Hiago é negro, tem 25 anos, desempregado, ganha a vida como trabalhando como motoboy para aplicativos enquanto não consegue um novo emprego como auxiliar de farmácia, sua profissão. Com este perfil, ele sabe o que é sofrer preconceito, mas nada tão explícito quanto o que viveu na noite de 16 de dezembro de 2022, uma sexta-feira às vésperas do Natal.
“Juntei um dinheiro e fui na Riachuelo comprar roupa de final de ano para minha esposa e minha filha, que tinha cinco meses na época”, recorda Hiago, que, ao entrar na loja carregando caixas de brindes que havia recebido no próprio shopping, pediu uma sacola para não ter de ficar segurando os objetos na mão. “Minha esposa já estava cansada de segurar nossa filha no colo, então saí da Riachuelo para tentar encontrar um desses carrinhos de bebê que o Patteo oferece”, conta o rapaz.
Hiago, no entanto, não chegou a dar cinco passos fora da loja. “Uma mulher da segurança da Riachuelo gritou no meio do corredor lotado ‘volte e devolva as coisas que você roubou’, entendi na mesma hora que era comigo, por isso voltei logo, mas veio outro segurança, um homem, e passaram a me tratar como ladrão na frente dos outros clientes”. Ele conta que, com muita raiva e vergonha ainda maior, esvaziou a sacola, pediu a presença da gerência.
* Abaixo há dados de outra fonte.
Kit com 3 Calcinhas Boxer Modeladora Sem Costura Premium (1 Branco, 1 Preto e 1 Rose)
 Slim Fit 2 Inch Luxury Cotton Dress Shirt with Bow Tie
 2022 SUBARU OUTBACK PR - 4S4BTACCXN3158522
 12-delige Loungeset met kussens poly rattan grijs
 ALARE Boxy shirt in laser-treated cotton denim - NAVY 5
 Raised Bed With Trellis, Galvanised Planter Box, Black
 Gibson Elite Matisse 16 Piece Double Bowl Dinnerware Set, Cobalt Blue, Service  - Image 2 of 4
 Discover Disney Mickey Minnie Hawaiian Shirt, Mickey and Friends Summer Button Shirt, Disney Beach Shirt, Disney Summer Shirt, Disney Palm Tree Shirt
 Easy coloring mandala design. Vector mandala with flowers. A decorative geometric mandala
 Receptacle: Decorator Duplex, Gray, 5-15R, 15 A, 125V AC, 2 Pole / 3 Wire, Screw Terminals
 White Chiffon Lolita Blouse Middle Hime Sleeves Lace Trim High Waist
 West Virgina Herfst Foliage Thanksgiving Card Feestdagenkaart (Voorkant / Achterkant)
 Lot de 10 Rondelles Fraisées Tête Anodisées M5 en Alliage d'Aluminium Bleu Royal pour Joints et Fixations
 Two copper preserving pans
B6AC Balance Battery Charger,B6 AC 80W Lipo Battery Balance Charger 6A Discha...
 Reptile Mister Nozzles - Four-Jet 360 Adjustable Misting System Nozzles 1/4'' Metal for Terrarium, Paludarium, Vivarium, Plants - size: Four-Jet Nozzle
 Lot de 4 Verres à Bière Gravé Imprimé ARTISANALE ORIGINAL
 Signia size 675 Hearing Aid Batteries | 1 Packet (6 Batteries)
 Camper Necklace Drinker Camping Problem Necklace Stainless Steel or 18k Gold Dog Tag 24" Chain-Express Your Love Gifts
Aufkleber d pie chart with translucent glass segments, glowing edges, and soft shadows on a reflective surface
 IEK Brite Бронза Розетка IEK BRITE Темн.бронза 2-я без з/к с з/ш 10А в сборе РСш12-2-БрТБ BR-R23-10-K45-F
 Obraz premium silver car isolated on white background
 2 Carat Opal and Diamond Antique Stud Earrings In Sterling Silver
Quando a esposa chegou junto com a bebê, os integrantes a equipe da Riachuelo perceberam o erro e começaram os pedidos de desculpas. “Minha esposa me ajudou a gravar um vídeo contando o que houve dentro da loja, mas os seguranças se esconderam. Na segunda-feira, fui na delegacia dar queixa”, explica. O boletim de ocorrência tem o título de “calúnia” e não há qualquer referência a racismo.
“Quando cheguei em casa, me acabei de chorar. Foi a maior vergonha da minha vida”.
Ao prestar queixa, Hiago informou aos policiais que percebeu duas câmeras de segurança localizadas no teto, sobre a saída onde foi abordado. Em janeiro, voltou a procurar a delegacia na esperança de ver as imagens, mas foi informado pela escrivã que ele só teria acesso às gravações se viesse acompanhado de um advogado. “Procurei uma advogada, mas ela disse que cobra R$ 200 só para ir lá comigo. Não tenho esse dinheiro”, lamentou o motoboy. Ele acredita que o tratamento dado pela Polícia também é racista: “Se eu fosse branco e com dinheiro, já teria visto as imagens, a Polícia já teria se mexido para fazer alguma coisa”.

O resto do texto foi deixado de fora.